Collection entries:

···

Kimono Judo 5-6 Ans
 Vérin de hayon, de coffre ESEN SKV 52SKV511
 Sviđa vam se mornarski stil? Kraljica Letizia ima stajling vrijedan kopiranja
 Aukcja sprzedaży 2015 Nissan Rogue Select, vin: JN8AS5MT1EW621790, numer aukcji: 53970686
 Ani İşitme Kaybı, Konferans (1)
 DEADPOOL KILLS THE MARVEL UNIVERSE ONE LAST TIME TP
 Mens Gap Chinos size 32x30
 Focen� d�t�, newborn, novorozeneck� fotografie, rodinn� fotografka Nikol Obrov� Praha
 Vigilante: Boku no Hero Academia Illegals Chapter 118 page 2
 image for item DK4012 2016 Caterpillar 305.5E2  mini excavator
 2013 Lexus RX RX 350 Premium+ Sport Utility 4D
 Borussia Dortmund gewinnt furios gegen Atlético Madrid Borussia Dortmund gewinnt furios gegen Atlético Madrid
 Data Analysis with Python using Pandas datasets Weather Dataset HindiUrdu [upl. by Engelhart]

···

Task details: Starting at the line with "2013 Lexus RX", copy every line up to and including the last one in the entries above.

Answer to the problem:
 2013 Lexus RX RX 350 Premium+ Sport Utility 4D
 Borussia Dortmund gewinnt furios gegen Atlético Madrid Borussia Dortmund gewinnt furios gegen Atlético Madrid
 Data Analysis with Python using Pandas datasets Weather Dataset HindiUrdu [upl. by Engelhart]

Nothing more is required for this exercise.